Happily for Zuckerberg, if rather less so for the rest of us, his company does not yet operate in an environment where the penalties for believing your own Kool-Aid-inspired daydreams can be measured in time spent behind bars. On the other hand, the tale of Elizabeth Holmes and her apparent Theranos fraud, told quite brilliantly by John Carreyrou, the Wall Street Journal reporter who did much to break the story, in the barnstorming Bad Blood: Secrets and Lies in a Silicon Valley Startup, suggests that there may yet be some consequences, even for the best-funded and highest-flying members of technocracy’s elite.
It is also perhaps instructive to note that Facebook has cancelled its unmanned aircraft project, Aquilla, after several years and millions of dollars failed to produce a vehicle that would carry out the program’s ambitious objectives. Aviation is a highly regulated, safety-first marketplace in which the disruptor mentality – summed up in Facebook’s one-time motto-come-mission statement, "Move fast and break things" – will not work.
Or, at any rate, it hasn’t worked yet: it is possible to see hints in Amazon’s very few public pronouncements about how it intends to open airspace in cities up for its proposed fleets of delivery drones that the traditional disruptor mentality – deploy the technology, then if it turns out the law doesn’t allow you to do so, spend heavily on lobbying for the law to be changed – may still be one that the tech giants will pursue, even in the massively safety-conscious aviation environment. Disappointingly, none of these books touch on what appears to be the single episode in Facebook’s history in which it has attempted to disrupt a regulated market and failed.

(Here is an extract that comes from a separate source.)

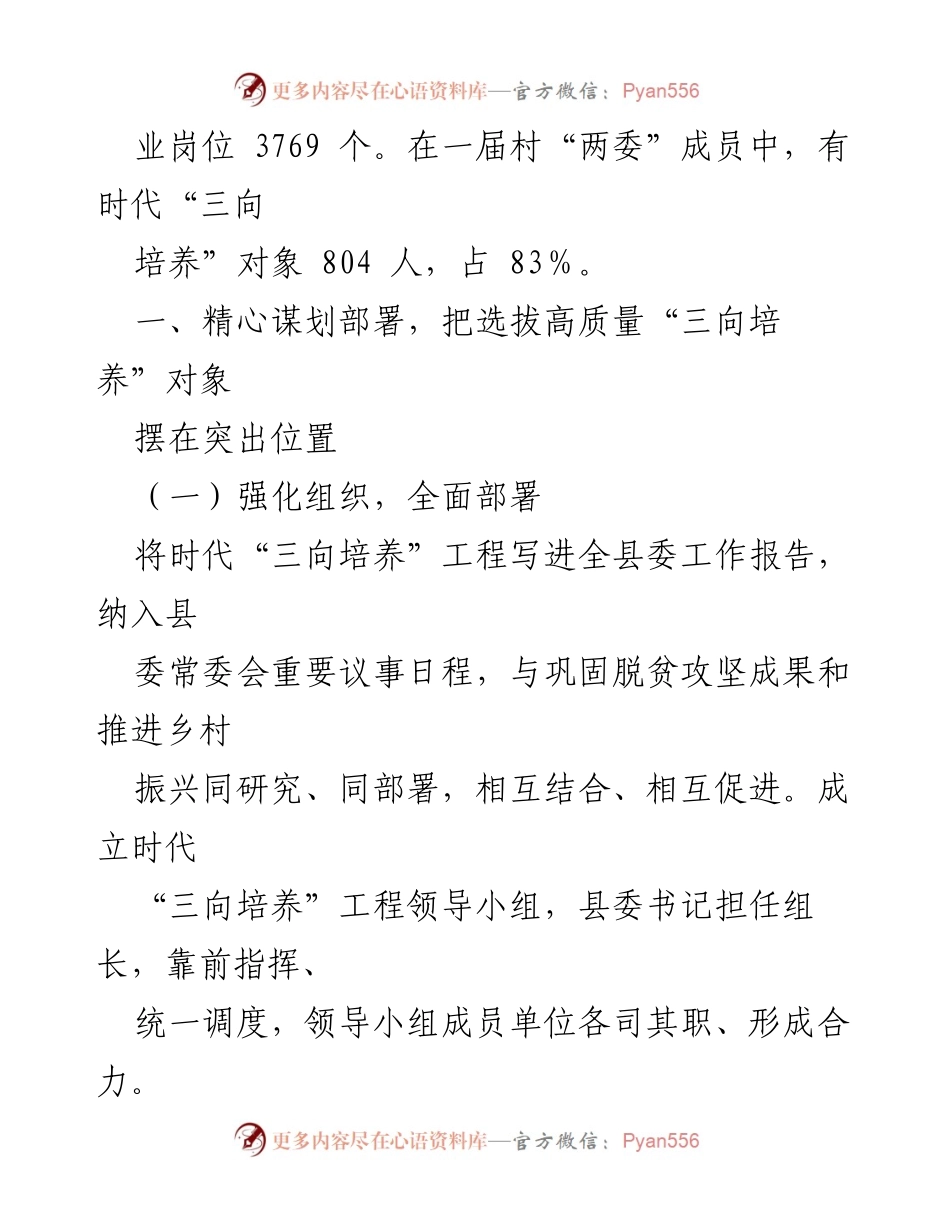 [工作总结] 乡村振兴 - 宾县“三向培养”工程实施成效与经验总结.docx_第2页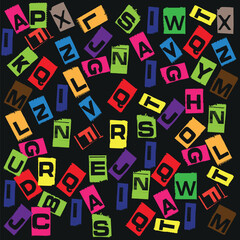  Letters on white background vector icon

Spotify Teardown is a product of an earlier moment. The interventions were staged before the Cambridge Analytica scandal broke and "fake news" became an issue discussed in Parliament select committees; before social-media companies began to attract the kind of negative attention that sees McNamee’s and Vaidhyanathan’s books vying for shelf space with Jamie Bartlett’s fine, short, to-the-point The People Vs Tech; Shoshana Zuboff’s extensively reviewed breezeblock The Age of Surveillance Capitalism; P W Singer and Emerson T Brooking’s provocative and pointed LikeWar: The Weaponization of Social Media; and, the best of the lot, former FBI and US Army officer Clint Watts’ freewheeling, frightening, fascinating Messing with the Enemy: Surviving In a Social Media World of Hackers, Terrorists, Russians, and Fake News.
Spotify is not, in conventional terms, a social-media company, and despite Facebook’s evident keenness to acquire the streaming service some years ago, it remains largely ignored by these other authors. Zuboff namedrops the company once, in passing, in her 690-plus pages, and of the others with an index, none mention it at all. Yet Spotify Teardown nevertheless contains a significant amount of material that needs to be fed into the wider debates around internet-enabled technologies in which the user is not the customer but an intrinsic component of the end product.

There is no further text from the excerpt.